And then the last real stress I have to deal with is how to deal with my stress. I don't know what to do. Should I give something up? If so, what do I give up? I need the job to survive. I could drop school, but that would be horribly stupid. I'm going to school to get a degree to make good money so that I don't have to stress as much. Quitting would mean working full time for shitty pay and still being stressed out about money. Quitting school would mean not making progress. Do I pull Skyler out of cub scouts or karate? That would be mean. Hell, cub scouts has already been paid for in full for the year. Karate has not been, but he just started, and it's something he's been bugging me to do for two years now. I figured it was about time. Not to mention, I was hoping the karate would help with the behavioral problems in school. But what do I do? When do I get time for me? I've tried getting "me" time in the evenings after my son is in bed, but then I'm generally up too late and I don't get enough sleep so that just adds to my stress. I've tried putting off homework to get some relaxation in, but that just adds more stress down the road when the homework piles up. And apparently blogging isn't even good for me, because it's now midnight... I have to be up at 7am... and 7 hours of sleep isn't enough for someone who is stressed to the max and sleep deprived... so even blogging keeps me up late. (I've been typing this over the course of about 45 minutes... trying to organize my thoughts.)

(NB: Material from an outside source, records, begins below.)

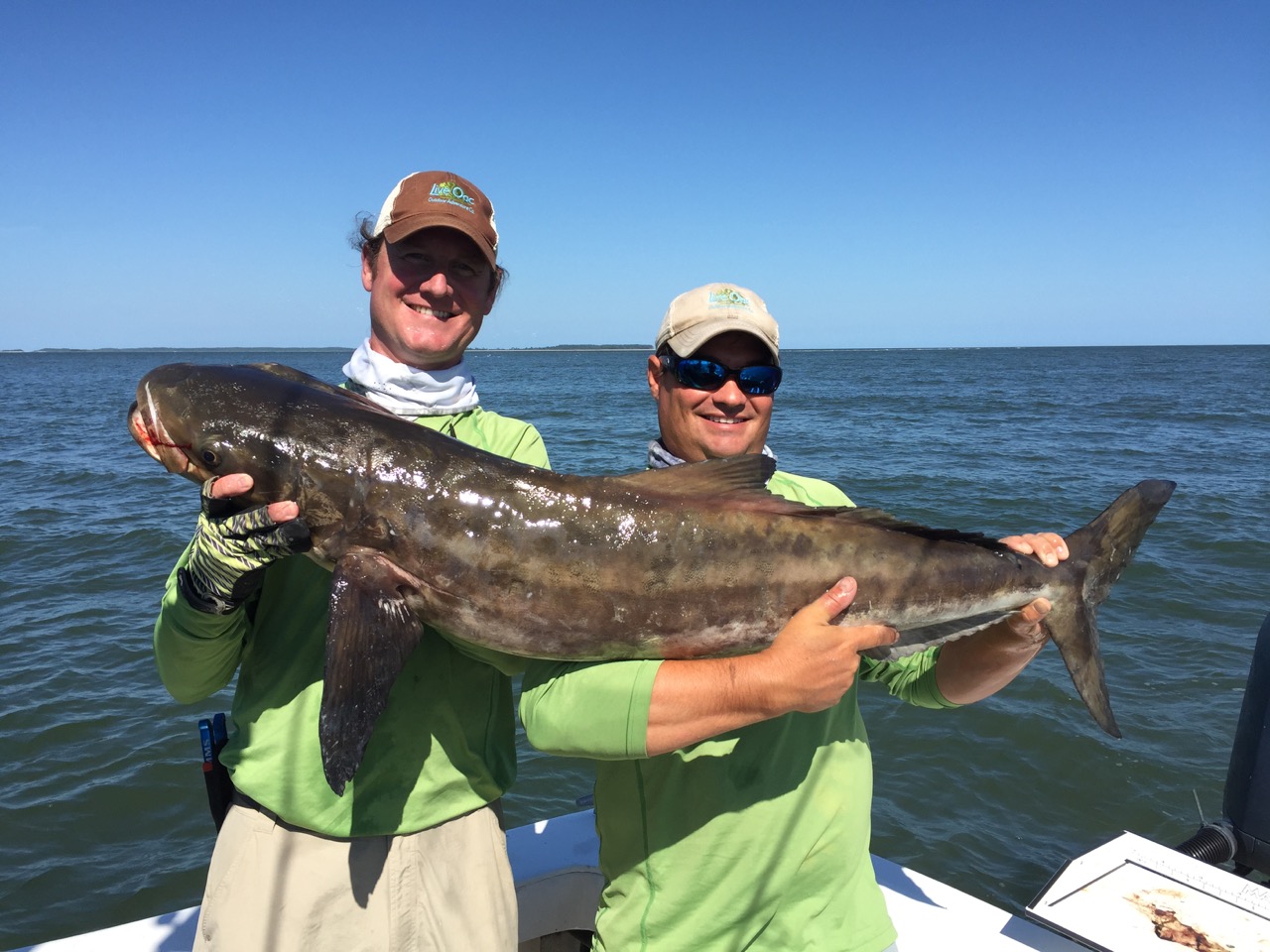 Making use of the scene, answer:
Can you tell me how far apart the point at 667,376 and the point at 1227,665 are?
377 inches

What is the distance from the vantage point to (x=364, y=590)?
94.7 inches

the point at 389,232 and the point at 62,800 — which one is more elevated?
the point at 389,232

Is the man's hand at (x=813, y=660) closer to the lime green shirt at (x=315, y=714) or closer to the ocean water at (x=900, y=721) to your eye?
the lime green shirt at (x=315, y=714)

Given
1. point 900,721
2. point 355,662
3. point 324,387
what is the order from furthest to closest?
point 900,721 < point 324,387 < point 355,662

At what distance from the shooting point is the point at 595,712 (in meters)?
2.14

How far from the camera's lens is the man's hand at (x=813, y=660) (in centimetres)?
212

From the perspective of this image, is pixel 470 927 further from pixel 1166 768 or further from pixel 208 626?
pixel 1166 768

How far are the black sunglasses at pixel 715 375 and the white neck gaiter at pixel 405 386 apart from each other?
0.86m

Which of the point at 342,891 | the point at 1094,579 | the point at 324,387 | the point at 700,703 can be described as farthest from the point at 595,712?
the point at 1094,579

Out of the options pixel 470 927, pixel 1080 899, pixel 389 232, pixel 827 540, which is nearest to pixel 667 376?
pixel 827 540

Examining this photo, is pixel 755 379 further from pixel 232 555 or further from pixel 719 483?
pixel 232 555

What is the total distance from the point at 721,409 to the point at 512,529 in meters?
0.87

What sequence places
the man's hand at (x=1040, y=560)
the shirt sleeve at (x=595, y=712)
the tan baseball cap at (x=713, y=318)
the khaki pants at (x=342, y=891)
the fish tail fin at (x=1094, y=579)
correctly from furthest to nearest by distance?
1. the fish tail fin at (x=1094, y=579)
2. the man's hand at (x=1040, y=560)
3. the tan baseball cap at (x=713, y=318)
4. the khaki pants at (x=342, y=891)
5. the shirt sleeve at (x=595, y=712)

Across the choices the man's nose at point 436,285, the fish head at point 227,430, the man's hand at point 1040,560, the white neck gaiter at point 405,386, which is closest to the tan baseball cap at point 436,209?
the man's nose at point 436,285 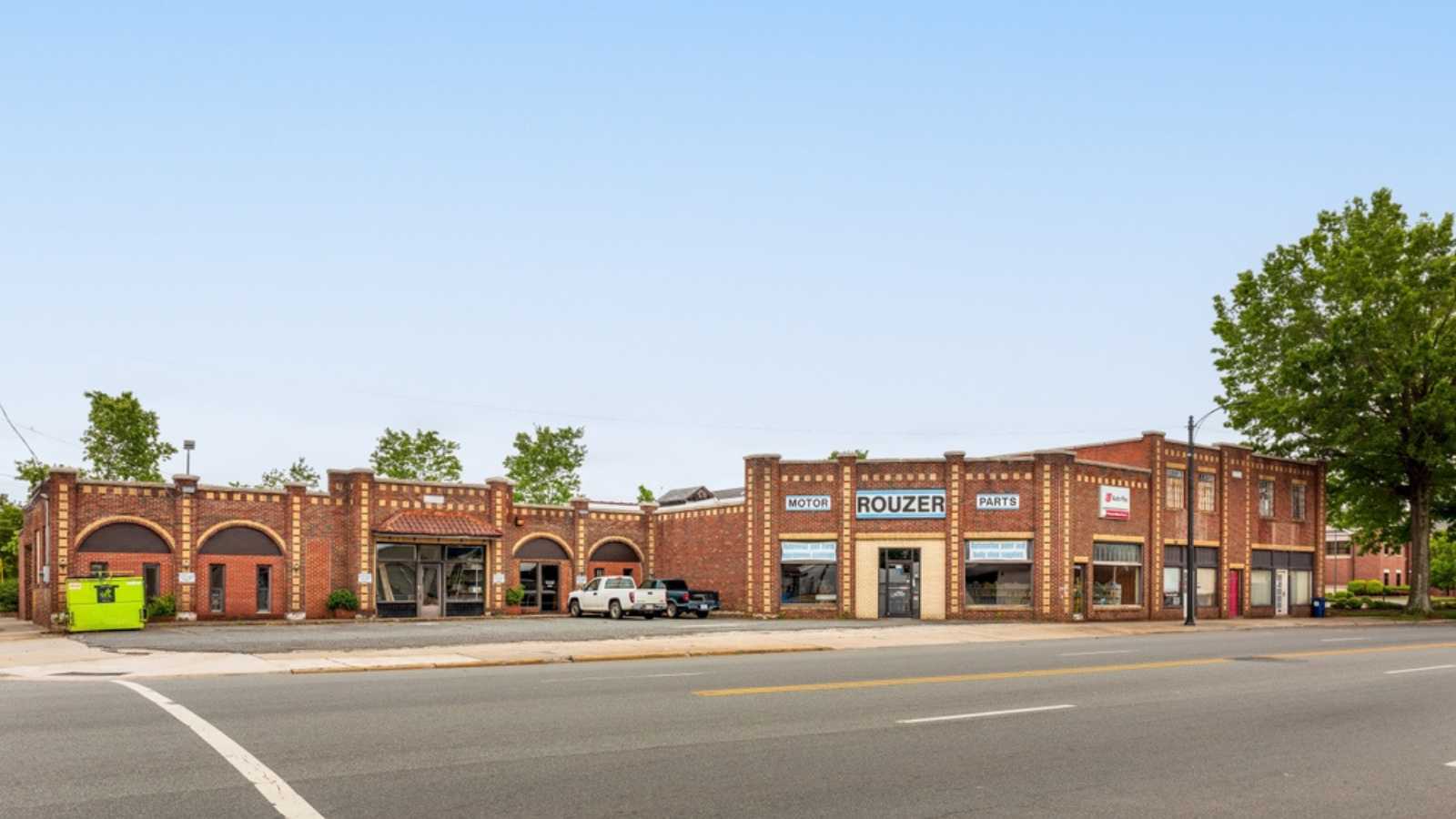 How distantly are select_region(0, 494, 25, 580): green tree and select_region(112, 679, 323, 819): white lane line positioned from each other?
5659 cm

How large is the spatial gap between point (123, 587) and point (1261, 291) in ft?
157

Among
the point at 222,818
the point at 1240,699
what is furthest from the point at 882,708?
the point at 222,818

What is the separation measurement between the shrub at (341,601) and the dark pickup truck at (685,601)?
1051 centimetres

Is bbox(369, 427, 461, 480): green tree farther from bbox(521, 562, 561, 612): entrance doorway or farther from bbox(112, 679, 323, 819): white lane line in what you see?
bbox(112, 679, 323, 819): white lane line

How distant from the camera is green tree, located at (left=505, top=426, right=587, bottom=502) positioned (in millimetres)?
75438

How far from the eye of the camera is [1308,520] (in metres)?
55.8

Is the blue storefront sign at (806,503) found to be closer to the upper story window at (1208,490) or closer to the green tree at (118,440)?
the upper story window at (1208,490)

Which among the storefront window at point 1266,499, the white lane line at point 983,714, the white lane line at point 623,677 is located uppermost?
the storefront window at point 1266,499

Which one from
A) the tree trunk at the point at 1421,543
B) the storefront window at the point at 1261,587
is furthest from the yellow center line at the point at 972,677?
the tree trunk at the point at 1421,543

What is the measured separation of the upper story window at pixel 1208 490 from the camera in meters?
50.5

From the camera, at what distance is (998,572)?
149 feet

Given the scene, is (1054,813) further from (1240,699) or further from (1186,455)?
(1186,455)

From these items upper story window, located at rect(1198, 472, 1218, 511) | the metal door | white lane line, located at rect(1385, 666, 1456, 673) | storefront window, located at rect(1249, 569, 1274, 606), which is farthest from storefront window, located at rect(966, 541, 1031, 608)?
white lane line, located at rect(1385, 666, 1456, 673)

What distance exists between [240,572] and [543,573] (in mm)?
12724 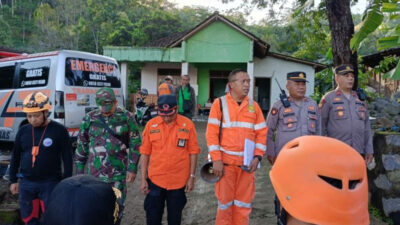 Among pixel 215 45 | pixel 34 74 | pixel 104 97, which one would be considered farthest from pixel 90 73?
pixel 215 45

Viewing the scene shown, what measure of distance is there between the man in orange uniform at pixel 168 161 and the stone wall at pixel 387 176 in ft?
8.48

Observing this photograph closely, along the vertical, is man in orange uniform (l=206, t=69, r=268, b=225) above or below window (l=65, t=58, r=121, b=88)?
below

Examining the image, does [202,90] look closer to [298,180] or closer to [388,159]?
[388,159]

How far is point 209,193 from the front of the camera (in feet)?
17.5

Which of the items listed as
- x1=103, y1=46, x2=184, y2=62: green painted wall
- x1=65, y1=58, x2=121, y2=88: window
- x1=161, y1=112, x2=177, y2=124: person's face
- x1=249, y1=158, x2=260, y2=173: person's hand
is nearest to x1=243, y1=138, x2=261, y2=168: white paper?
x1=249, y1=158, x2=260, y2=173: person's hand

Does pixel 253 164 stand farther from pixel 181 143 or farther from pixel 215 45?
pixel 215 45

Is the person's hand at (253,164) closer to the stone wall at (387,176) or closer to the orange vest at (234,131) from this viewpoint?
the orange vest at (234,131)

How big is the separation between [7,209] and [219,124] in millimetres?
2723

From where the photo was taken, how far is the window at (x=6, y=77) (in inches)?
313

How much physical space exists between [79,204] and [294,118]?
2.89m

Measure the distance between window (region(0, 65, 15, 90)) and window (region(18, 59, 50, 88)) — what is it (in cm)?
33

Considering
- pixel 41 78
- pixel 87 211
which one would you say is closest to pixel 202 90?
pixel 41 78

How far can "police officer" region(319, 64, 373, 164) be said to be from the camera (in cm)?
386

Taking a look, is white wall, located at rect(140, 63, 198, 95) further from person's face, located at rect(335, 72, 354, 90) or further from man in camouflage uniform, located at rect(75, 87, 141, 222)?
man in camouflage uniform, located at rect(75, 87, 141, 222) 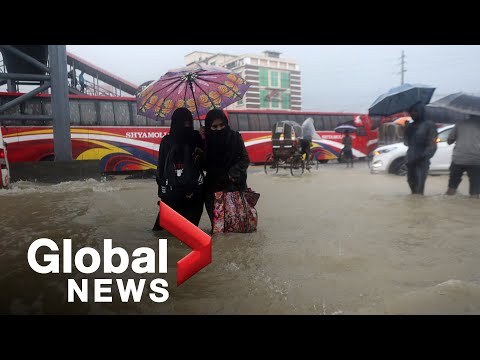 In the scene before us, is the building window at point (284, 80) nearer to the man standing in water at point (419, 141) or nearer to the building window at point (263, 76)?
the building window at point (263, 76)

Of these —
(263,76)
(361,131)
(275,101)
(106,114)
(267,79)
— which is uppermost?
(263,76)

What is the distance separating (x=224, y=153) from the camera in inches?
167

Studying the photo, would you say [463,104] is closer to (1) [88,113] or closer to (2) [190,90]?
(2) [190,90]

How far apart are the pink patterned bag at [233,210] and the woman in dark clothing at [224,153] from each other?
0.33 ft

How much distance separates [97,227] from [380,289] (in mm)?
3739

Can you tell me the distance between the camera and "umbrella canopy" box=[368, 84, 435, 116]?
6.86m

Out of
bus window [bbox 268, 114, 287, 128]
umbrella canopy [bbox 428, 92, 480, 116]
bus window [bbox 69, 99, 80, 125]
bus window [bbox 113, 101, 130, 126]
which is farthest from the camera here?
bus window [bbox 268, 114, 287, 128]

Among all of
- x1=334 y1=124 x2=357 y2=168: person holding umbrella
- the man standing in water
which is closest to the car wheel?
the man standing in water

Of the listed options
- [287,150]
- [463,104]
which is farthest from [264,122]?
[463,104]

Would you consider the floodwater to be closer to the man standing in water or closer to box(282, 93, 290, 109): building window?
the man standing in water

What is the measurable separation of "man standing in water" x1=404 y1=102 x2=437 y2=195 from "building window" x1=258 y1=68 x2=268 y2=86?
56573 mm

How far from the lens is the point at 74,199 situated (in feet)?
25.4

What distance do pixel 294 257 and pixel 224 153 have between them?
1.33 m

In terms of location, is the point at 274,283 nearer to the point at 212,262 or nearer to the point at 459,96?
the point at 212,262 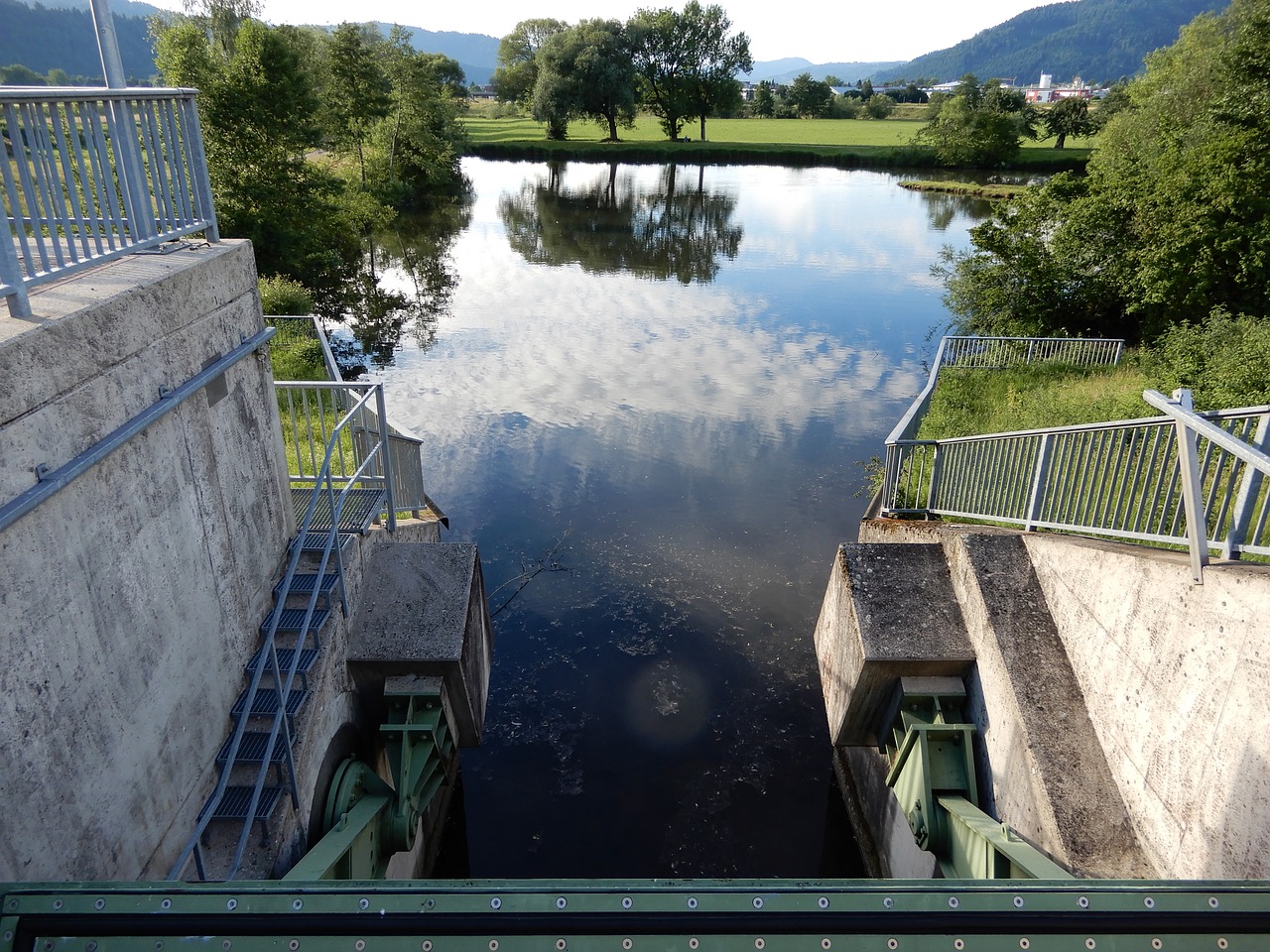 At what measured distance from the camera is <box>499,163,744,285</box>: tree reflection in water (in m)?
32.8

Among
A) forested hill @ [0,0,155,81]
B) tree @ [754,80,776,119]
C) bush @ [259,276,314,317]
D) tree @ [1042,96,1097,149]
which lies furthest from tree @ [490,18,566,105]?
bush @ [259,276,314,317]

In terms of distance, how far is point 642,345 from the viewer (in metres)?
22.4

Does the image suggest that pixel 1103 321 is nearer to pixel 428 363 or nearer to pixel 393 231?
pixel 428 363

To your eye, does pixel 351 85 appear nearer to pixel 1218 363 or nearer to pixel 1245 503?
pixel 1218 363

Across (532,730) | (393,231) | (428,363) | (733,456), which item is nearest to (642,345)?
(428,363)

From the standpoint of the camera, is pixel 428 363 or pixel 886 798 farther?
pixel 428 363

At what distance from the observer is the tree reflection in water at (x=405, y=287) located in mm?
23562

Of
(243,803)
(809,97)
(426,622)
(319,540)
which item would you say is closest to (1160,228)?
(426,622)

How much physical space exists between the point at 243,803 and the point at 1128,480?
7.26 m

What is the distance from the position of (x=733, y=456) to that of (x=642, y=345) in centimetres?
728

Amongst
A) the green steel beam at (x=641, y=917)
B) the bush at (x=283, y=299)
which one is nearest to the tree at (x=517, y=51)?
the bush at (x=283, y=299)

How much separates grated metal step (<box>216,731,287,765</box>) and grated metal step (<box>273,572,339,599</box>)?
117 centimetres

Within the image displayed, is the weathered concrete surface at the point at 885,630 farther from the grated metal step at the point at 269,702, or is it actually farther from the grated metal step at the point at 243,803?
the grated metal step at the point at 243,803

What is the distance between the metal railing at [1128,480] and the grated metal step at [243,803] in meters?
5.78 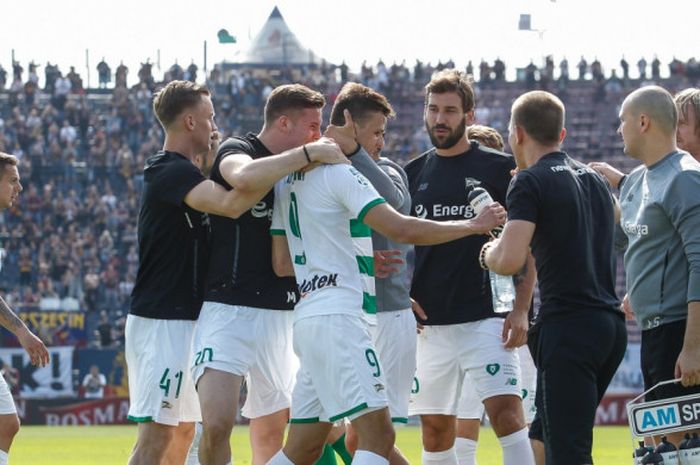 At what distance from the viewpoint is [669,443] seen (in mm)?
7590

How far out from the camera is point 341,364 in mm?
7758

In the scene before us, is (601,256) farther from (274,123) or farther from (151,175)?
(151,175)

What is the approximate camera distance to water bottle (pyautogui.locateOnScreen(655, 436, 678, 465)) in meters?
7.50

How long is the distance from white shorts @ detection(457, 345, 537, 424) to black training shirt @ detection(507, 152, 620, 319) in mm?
2991

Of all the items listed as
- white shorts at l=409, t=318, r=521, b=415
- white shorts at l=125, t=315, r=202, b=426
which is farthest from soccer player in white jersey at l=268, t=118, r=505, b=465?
white shorts at l=409, t=318, r=521, b=415

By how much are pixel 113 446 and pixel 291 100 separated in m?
14.6

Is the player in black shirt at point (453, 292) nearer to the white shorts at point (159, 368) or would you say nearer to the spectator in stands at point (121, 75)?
the white shorts at point (159, 368)

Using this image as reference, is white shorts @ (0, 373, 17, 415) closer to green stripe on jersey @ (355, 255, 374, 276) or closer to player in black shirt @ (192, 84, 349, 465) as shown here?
player in black shirt @ (192, 84, 349, 465)

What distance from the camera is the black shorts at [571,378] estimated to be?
778 cm

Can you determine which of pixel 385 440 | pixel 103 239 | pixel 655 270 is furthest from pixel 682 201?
pixel 103 239

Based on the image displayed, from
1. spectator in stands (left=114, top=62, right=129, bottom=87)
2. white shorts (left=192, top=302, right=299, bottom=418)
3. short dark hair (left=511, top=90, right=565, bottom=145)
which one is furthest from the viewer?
spectator in stands (left=114, top=62, right=129, bottom=87)

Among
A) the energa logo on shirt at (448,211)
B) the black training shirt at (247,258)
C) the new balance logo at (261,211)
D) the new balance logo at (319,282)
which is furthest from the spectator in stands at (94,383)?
the new balance logo at (319,282)

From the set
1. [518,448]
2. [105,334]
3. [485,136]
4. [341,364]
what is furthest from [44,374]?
[341,364]

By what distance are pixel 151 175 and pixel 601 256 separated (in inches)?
110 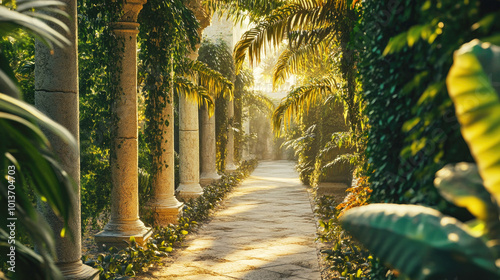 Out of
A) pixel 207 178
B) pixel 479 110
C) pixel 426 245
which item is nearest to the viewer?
pixel 479 110

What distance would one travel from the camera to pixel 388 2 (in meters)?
2.59

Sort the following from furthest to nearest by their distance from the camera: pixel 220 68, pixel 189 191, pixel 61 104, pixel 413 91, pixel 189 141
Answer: pixel 220 68 < pixel 189 191 < pixel 189 141 < pixel 61 104 < pixel 413 91

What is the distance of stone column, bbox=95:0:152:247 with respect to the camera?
564cm

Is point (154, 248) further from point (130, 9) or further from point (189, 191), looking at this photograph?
point (189, 191)

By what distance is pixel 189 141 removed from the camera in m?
9.78

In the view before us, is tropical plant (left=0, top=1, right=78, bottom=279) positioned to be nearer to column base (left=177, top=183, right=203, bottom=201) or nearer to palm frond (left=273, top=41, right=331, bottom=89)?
palm frond (left=273, top=41, right=331, bottom=89)

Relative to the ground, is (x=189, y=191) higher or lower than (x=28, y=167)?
lower

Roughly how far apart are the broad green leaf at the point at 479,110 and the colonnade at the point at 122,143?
1281 mm

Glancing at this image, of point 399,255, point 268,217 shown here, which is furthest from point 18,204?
point 268,217

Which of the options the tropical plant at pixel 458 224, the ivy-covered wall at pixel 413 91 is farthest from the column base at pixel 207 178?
the tropical plant at pixel 458 224

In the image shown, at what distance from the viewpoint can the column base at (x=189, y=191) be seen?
9.89 meters

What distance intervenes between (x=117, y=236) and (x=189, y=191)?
14.2 ft

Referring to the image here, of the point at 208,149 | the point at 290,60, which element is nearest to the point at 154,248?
the point at 290,60

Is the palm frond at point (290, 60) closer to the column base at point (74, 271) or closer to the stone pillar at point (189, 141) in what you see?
the stone pillar at point (189, 141) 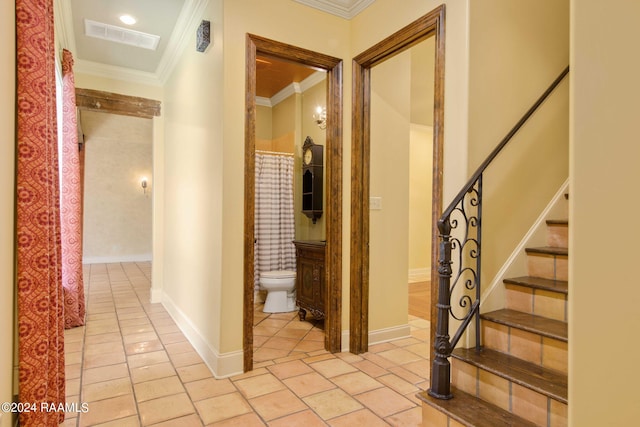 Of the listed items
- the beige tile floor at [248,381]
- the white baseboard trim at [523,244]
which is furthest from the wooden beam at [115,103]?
the white baseboard trim at [523,244]

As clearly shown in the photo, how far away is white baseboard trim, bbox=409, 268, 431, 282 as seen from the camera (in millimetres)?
6121

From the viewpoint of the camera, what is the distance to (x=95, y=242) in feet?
26.6

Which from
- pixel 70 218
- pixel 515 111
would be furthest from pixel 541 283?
pixel 70 218

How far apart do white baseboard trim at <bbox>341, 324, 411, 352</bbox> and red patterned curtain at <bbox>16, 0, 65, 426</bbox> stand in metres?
1.97

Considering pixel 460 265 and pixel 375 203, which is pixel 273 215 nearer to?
pixel 375 203

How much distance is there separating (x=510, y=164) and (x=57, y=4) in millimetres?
3498

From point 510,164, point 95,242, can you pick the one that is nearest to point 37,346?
point 510,164

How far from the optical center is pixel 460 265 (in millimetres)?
1946

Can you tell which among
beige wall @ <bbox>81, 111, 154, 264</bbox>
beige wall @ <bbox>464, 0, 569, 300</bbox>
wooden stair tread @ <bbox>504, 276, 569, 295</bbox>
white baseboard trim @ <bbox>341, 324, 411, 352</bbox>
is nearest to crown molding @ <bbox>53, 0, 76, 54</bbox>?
beige wall @ <bbox>464, 0, 569, 300</bbox>

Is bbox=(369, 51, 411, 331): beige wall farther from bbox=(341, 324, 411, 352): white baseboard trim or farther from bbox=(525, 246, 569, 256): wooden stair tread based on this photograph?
bbox=(525, 246, 569, 256): wooden stair tread

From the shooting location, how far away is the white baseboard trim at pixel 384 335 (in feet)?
9.66

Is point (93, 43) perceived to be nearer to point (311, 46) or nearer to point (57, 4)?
point (57, 4)

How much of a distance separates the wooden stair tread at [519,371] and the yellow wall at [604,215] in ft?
2.06

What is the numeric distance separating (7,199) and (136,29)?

I just don't know what to do anymore. It fucking sucks. Anyone have any ideas?
For the past several days, I've had weird heart things happening. I guess they could be best described as palpitations? Sometimes my heart skips a beat... other times, I can actually feel my heart pumping in my chest and it feels weird. Sometimes I get a tightness in my chest that doesn't want to go away. On top of that, I've had a little bit of nausea here and there, and excessive panic attacks. I've been debating about what's wrong with me... whether I'm suffering a heart attack, or stress, or indigestion, or a combination of things. I kept trying to convince myself that it was just stress, and that I'm not really dying.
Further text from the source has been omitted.